Tropical Cyclones May Drastically Increase in Frequency and Intensity as Climate Changes
The climate is changing--and not for the better when it comes to major storms and hurricanes. MIT scientists have revealed that the coming century may produce stronger and more frequent storms as the planet warms, creating the potential for hurricanes like Katrina.
For the past 40 years, the frequency and intensity of tropical cyclones has remained relatively stable. Approximately 90 of these storms spin across the world each year, causing their share of damages to coastlines. Over this time, these storms have remained the same in terms of intensity and maximum wind speed. Yet these new findings hint at a more tempestuous future.
In order to examine how the changing climate and greenhouse emissions might affect these storms, researchers employed several models.
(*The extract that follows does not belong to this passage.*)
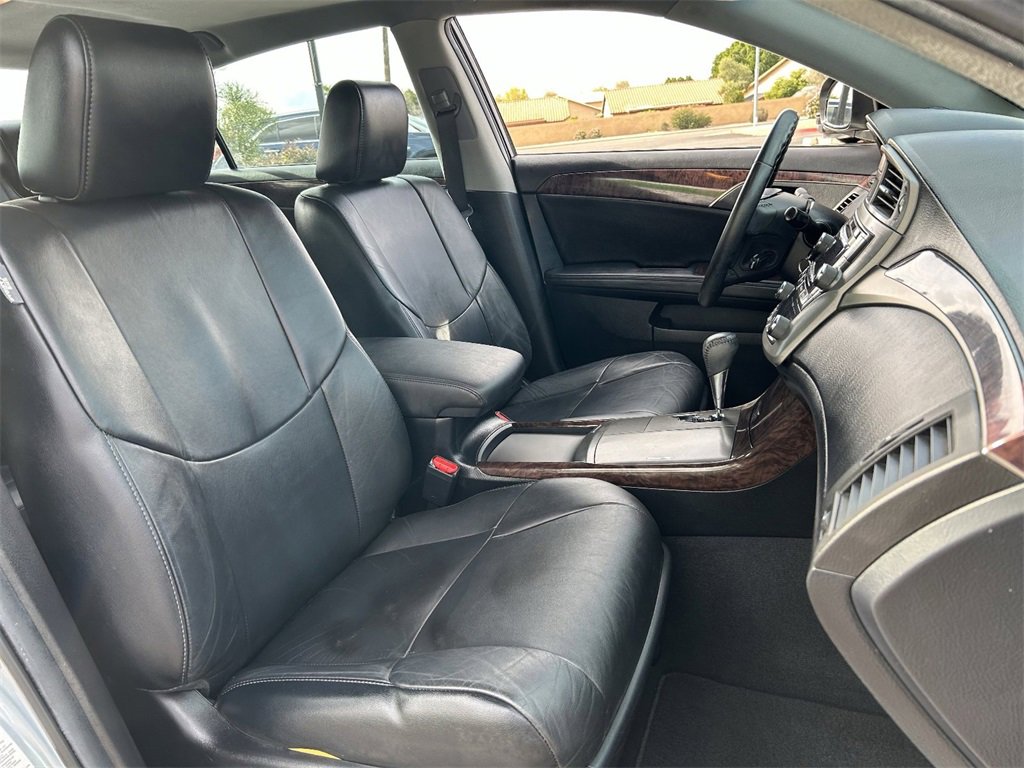 Used 2012 Toyota Avalon image 12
They simulated cyclones at both the global and local scales, embedding a high-resolution, local storm model within six climate models from the IPCC. The local storm model simulated the development of tropical cyclones, based on regional temperatures and large-scale atmospheric flow, at a resolution that increases as a storm intensifies. This allowed the model to resolve a storm's eyewall, the ring of thunderstorms circling the eye of a storm where the most severe weather occurs.
For each six models, the researchers simulated 600 storms every year from 1950 to 2005, using weather data from historical records. They then ran the models forward in time, simulating tropical cyclone development through 2100.
So what did they find? It turns out that the frequency of these storms will increase by 10 to 40 percent by 2100, assuming that greenhouse gas emissions continue to increase. In addition, the intensity of the storms could potentially increase by as much as 45 percent. The cyclones that make landfall would be as much as 55 percent more intense.
"Having a warmer tropical Pacific, especially in the central Pacific, makes the overall atmosphere more like those in El Niño events," said Kevin Trenberth, a scientist at the National Center for Atmospheric Research, who was not involved in the study in a news release. "Places like Hawaii and Tahiti and Fiji would likely be more in jeopardy under these scenarios."
The findings have enormous implications for the future of coastal communities in the Pacific. They reveal that in the future, communities will have to employ stronger preventative measures in order to keep storm damage to a minimum.
The findings are published in the journal Proceedings of the National Academy of Sciences.